Water about 1/3rd with sand pit in middle that holds the lilly and a branch with white moss . Under water contains some moss like plants which I am not sure will grow under water. Also contains marimo moss balls.
cork above and then sponge (natural. With moss on it) and planted some moisture loving plants like maranta, white spath lilly.
What is that called? View attachment 842713
It's both a paludarium and a vivarium. Vivarium is a very wide category that contains all the others. Kind of like saying, "Is it a Ford or a car?" Car and vivarium are the wide categories that contain Ford, Chevy, Dodge and terrarium, paludarium, riparium etc.

Here are some good definitions from Wikipedia:


"There are various forms of vivarium, including:

Aquarium, simulating a water habitat; for instance a river, lake or sea; but only the submerged area of these natural habitats. Plants in the water will use some nitrogen present within the system, and will provide areas for organisms to hide and forage.
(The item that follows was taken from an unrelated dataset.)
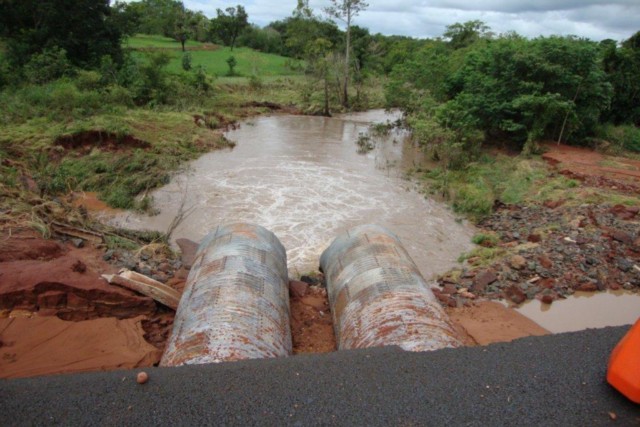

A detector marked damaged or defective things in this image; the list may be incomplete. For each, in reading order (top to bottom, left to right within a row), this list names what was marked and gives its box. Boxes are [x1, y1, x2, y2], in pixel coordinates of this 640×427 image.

rusty culvert pipe [160, 222, 292, 366]
rusty culvert pipe [318, 226, 460, 352]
Oceanarium, containing larger ocean-dwelling fish and mammals, such as sharks or dolphins.
Insectarium, containing insects, arachnids, and other similar arthropods.
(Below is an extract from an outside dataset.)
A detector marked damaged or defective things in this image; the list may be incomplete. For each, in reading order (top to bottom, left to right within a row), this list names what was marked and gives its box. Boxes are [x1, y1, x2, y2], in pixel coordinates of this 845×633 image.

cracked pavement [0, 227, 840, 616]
Formicarium, with species of ants.
Terrarium, simulating a dry habitat, for instance desert or savannah. A terrarium can also be formed to create a temperate woodland habitat, and even a jungle-like habitat. This can be created with pebbles, leaf litter and soil. By misting the terrarium, a natural water cycle occurs within the environment by condensation forming on the lid causing precipitation. Many kinds of plants are suitable for these habitats, including bromeliads, African violets and Crassulaceae. Animals commonly held for observation include reptiles, amphibians, insects, spiders, scorpions and small birds.
Paludarium, a semi-aquatic enclosure simulating a rain forest, swamp or other wetland environment. It also can be seen as an aquarium interconnected with a terrarium, having both the underwater area as well as the shore.
Penguinarium, containing penguins.
Riparium, a new kind of planted aquarium system that recreates the wet habitats found along the edges of lakes, rivers, ponds and streams. This zone hosts marginal plants, which are rooted in the saturated soil at the edge of the water, but hold their leaves up in the air. Unlike a paludarium however, ripariums do not have a significant land portion, making them unsuitable for most amphibians. Instead, they utilize specialized planters which either hang onto the sides of the tank or float on the water's surface.
Herpetarium, containing various species of reptiles and amphibians. Herpetariums may fall under another category of vivariums, depending on the natural habitat of the species being kept."